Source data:
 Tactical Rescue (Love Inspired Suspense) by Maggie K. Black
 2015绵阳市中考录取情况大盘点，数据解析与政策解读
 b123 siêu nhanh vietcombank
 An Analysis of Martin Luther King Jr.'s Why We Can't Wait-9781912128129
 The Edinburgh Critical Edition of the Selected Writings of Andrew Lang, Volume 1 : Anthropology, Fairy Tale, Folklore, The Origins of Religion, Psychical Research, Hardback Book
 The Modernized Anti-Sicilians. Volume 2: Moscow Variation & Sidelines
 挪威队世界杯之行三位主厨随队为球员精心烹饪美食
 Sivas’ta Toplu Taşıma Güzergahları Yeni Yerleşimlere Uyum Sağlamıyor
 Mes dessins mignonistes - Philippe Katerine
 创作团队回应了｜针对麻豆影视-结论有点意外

(PROBLEM): Going through the entries above, show each line that contains "Volume".

(SOLUTION FOR THIS TASK):
 The Edinburgh Critical Edition of the Selected Writings of Andrew Lang, Volume 1 : Anthropology, Fairy Tale, Folklore, The Origins of Religion, Psychical Research, Hardback Book
 The Modernized Anti-Sicilians. Volume 2: Moscow Variation & Sidelines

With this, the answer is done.